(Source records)
________________________
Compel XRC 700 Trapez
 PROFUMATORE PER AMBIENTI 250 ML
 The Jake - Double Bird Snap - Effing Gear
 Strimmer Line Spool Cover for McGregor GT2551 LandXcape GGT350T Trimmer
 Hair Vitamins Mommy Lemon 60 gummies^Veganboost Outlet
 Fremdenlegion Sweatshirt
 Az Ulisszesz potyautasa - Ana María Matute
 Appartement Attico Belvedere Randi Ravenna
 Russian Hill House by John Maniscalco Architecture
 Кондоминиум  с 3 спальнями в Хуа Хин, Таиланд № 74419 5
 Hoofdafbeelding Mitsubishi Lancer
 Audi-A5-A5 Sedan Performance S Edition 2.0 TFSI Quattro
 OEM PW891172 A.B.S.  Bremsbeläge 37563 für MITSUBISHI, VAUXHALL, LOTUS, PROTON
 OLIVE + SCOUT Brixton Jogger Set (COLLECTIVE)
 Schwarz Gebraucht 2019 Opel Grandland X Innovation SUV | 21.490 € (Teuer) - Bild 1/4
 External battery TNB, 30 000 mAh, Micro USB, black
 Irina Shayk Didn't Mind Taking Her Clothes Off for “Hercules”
________________________
__Your objective__
Your output should be the lines from the one with "Az Ulisszesz potyautasa - Ana María Matute" through the last line of the entries above, copied exactly and nothing more.

__Exercise solution__
 Az Ulisszesz potyautasa - Ana María Matute
 Appartement Attico Belvedere Randi Ravenna
 Russian Hill House by John Maniscalco Architecture
 Кондоминиум  с 3 спальнями в Хуа Хин, Таиланд № 74419 5
 Hoofdafbeelding Mitsubishi Lancer
 Audi-A5-A5 Sedan Performance S Edition 2.0 TFSI Quattro
 OEM PW891172 A.B.S.  Bremsbeläge 37563 für MITSUBISHI, VAUXHALL, LOTUS, PROTON
 OLIVE + SCOUT Brixton Jogger Set (COLLECTIVE)
 Schwarz Gebraucht 2019 Opel Grandland X Innovation SUV | 21.490 € (Teuer) - Bild 1/4
 External battery TNB, 30 000 mAh, Micro USB, black
 Irina Shayk Didn't Mind Taking Her Clothes Off for “Hercules”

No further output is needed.